In 2010 a five-year refurbishment project was started to replace cabins from the 1930s.
The traditional end-of-session ceremony has been a memorable program since RKY Camp started, and continues today in what is now called "Elements". The ceremony originally consisted of traditional native dances and music, local native history, and authentic legends. The program used to end with a friendship fire that was tended to all night. Campers would cut and peel a stick, sign their names on it and burn the end of it in the friendship fire to seal the bonds they made at camp.

== Summer camping ==
Summer camping is split into four twelve-day sessions. Five summer programs are offered each session: one-week youth camp (ages 7–11), youth camp (ages 7–12), senior camp (ages 13–15), leaders-in-training or LIT (ages 15–16), and counsellors-in-training or CIT (ages 16–17). Campers are placed into cabins of the same age group, each cabin maintaining a 5:1 camper-staff ratio, usually with 10 campers and two staff. Every cabin participates in an out trip, the length of which is based on their age group. One-week youth campers go on an overnight trip conducted on site, youth campers go on an overnight trip on one of the islands on Eagle Lake, while senior campers, LITs, and CITs go on out trip for multiple nights, conducted in Frontenac Provincial Park or Algonquin Provincial Park.
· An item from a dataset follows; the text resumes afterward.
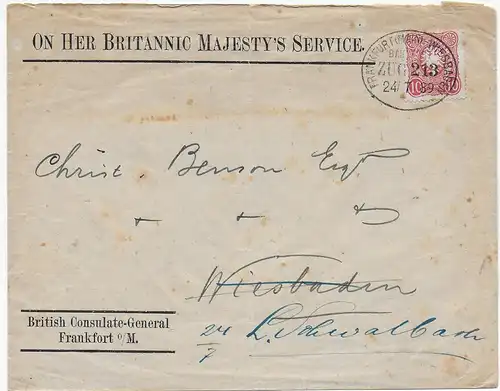 Poste consulaire: British consulate-General: Francfort/M vers Wiesbaden 1889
Campers may choose their activities, participate in core programming area activities, and participate in camp wide games. There are seven core programming areas: Swimming, Boating, Adventure, Nature, Arts and Crafts, Campcraft, and Music. Each camper may choose two program areas, which they attend every day. In addition to daily program areas, campers have a chance to develop their skills and explore the other program areas during Free-Choice Times, cabin group activities, interest groups, and "Learn-How-To's".

== Outdoor centre ==
RKY Camp runs a year-long outdoor centre including "school group bookings, outdoor education, leadership development, environmental education, curriculum-based learning, custom programs, family camps, women's weekends, retreats/rentals, March Break camp, PA Day camp, weddings, and out trips and guiding". The RKY Camp Outdoor Centre offers similar programming as in the summer season, but also offers season-specific activities, such as snowshoeing, cross-country skiing, tobogganing, and ice fishing.
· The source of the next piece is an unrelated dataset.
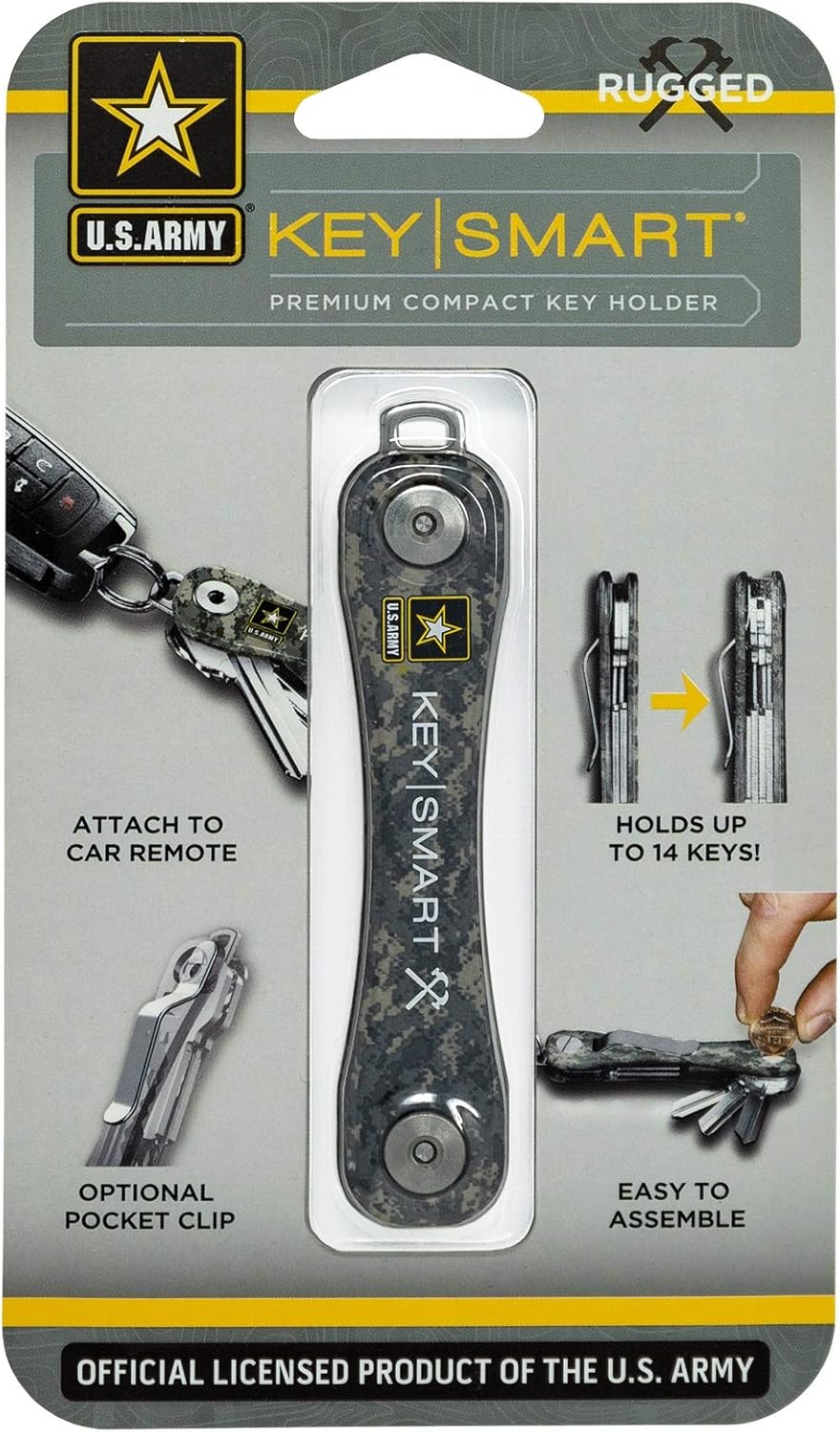 KeySmart Rugged - Multi-Tool Key Holder with Bottle Opener and Pocket Clip (up to 14 Keys, Army) - Image 1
== Duke of Edinburgh's Award ==
RKY Camp, in collaboration with the Ontario chapter of The Duke of Edinburgh's Award, organizes canoeing, hiking, and winter camping trips for participants aged 14 to 25. Participants completing the Bronze, Silver, or Gold levels of the award can use these trips toward their practice and adventurous journeys while developing the skills required for the program. The trips are led by RKY Camp's outdoor educators.